The Confident Sinner

To some who were confident of their own righteousness and looked down on everybody else, Jesus told this parable: "Two men went up to the temple to pray, one a Pharisee and the other a tax collector. The Pharisee stood up and prayed about himself: 'God, I thank you that I am not like other men—robbers, evildoers, adulterers—or even like this tax collector. I fast twice a week and give a tenth of all I get.'
"But the tax collector stood at a distance. He would not even look up to heaven, but beat his breast and said, 'God, have mercy on me, a sinner.'
"I tell you that this man, rather than the other, went home justified before God. For everyone who exalts himself will be humbled, and he who humbles himself will be exalted."
-- Luke 18:9-14

I used to have real problems with church people. About 15 years ago I had an experience that changed my spiritual life. I became what some might call a Bible-believing Christian. I converted into a person who was really serious about Christianity. I mean REALLY serious. I not only took my Bible to church with me every Sunday, but I normally carried one with me wherever I went. I had a Bible at work. I carried it in the car with me. I read it every chance I could get, and it didn’t matter who was watching. In fact, it was better if a lot of people saw me so that they would know I was serious about being a Christian.

At that time the faith was new to me and I was enthusiastic and eager. Winning souls for God was important to me, prayer was important; enthusiasm in worship was important. And, while I was being a very good Christian, I began to feel that I was some kind of minority within the church.

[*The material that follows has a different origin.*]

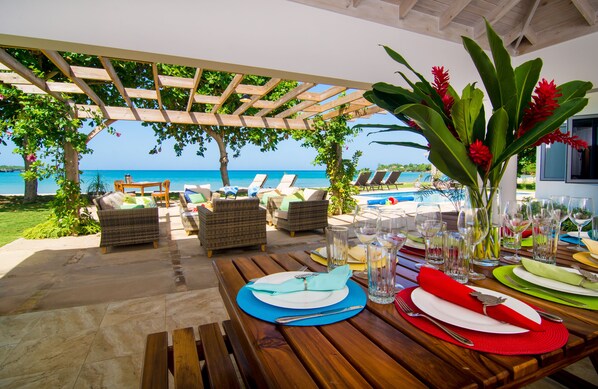 Outdoor dining - Seahorse- - A Slice Of Caribbean Paradise On A Private Beach, Gated Community (Rio Bueno)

During worship services I would look around, and I saw that many people there did not read their Bibles, they did not sing the hymns loudly, they did not seem to pray, nor did they like fellowship with their brothers and sisters afterwards over a cup of coffee.

Have you ever done that, by the way -- you know -- check out what other people are doing during worship? Looking to see if they are singing, or if they close their eyes during prayer time or doodle on the bulletin during the sermon, or if they are putting anything in the offering plate when it goes by. Well, I did it.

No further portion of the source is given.